▶ Data shown:
§ §

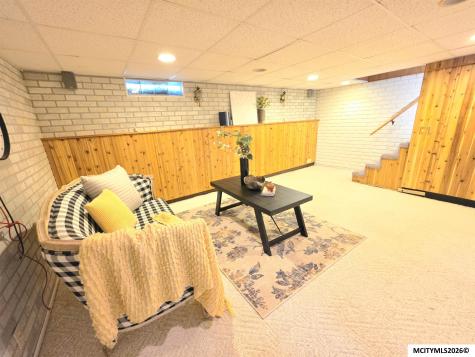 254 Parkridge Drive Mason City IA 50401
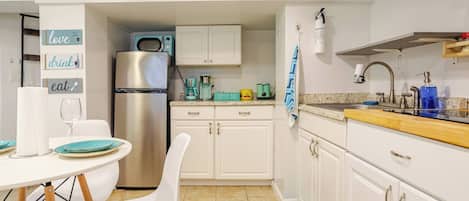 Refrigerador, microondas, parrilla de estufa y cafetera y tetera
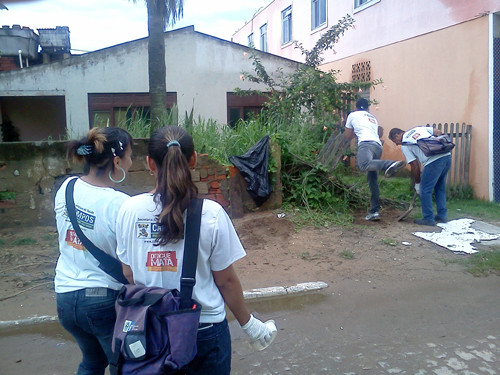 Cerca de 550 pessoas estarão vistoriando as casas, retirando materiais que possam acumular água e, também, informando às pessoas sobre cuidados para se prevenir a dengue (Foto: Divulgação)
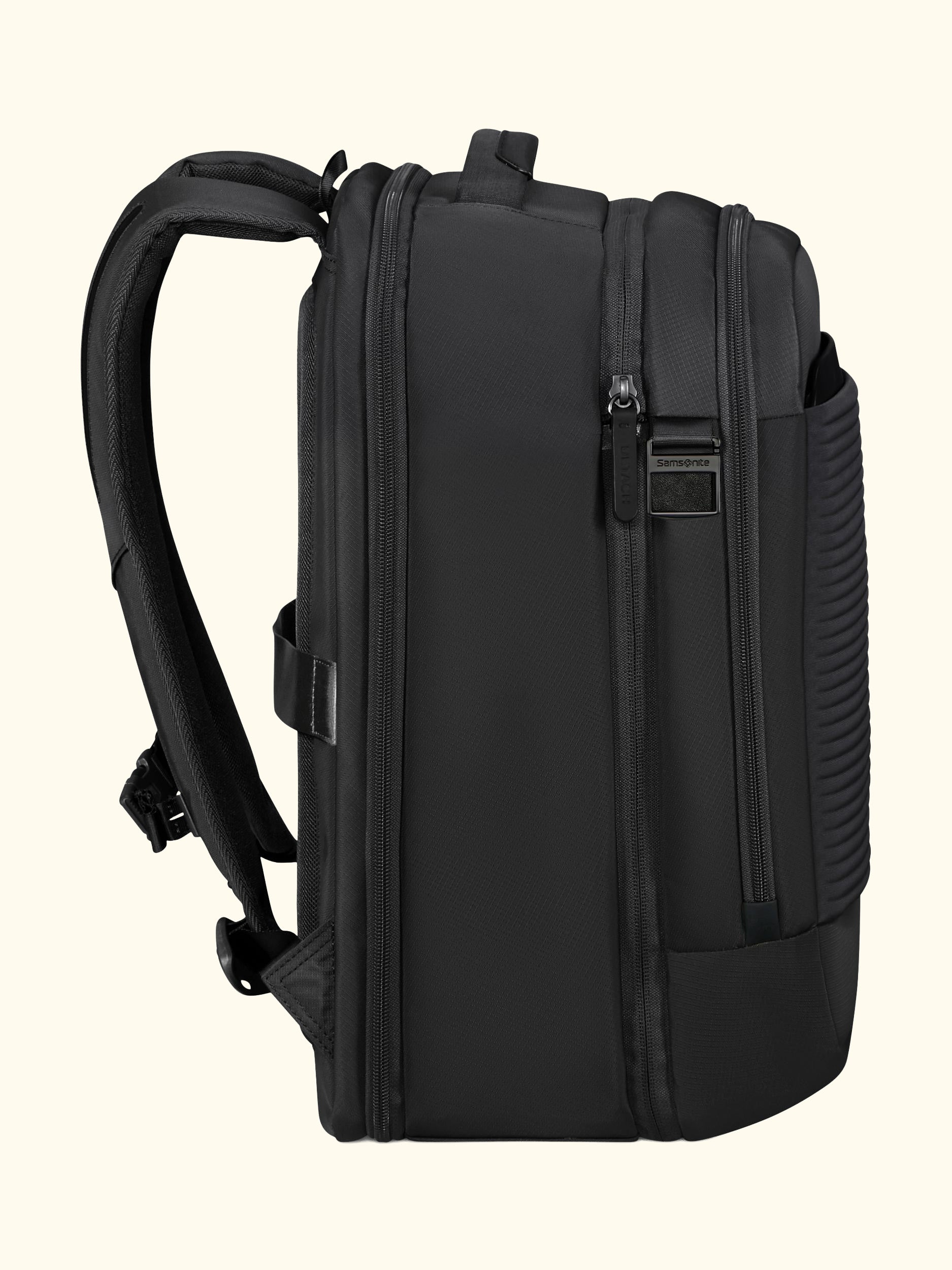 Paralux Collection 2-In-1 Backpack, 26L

§ §

▶ Assigned task: For every line above, produce an exact transcription that omits the images.

▶ Task answer:
 254 Parkridge Drive Mason City IA 50401
 Refrigerador, microondas, parrilla de estufa y cafetera y tetera
 Cerca de 550 pessoas estarão vistoriando as casas, retirando materiais que possam acumular água e, também, informando às pessoas sobre cuidados para se prevenir a dengue (Foto: Divulgação)
 Paralux Collection 2-In-1 Backpack, 26L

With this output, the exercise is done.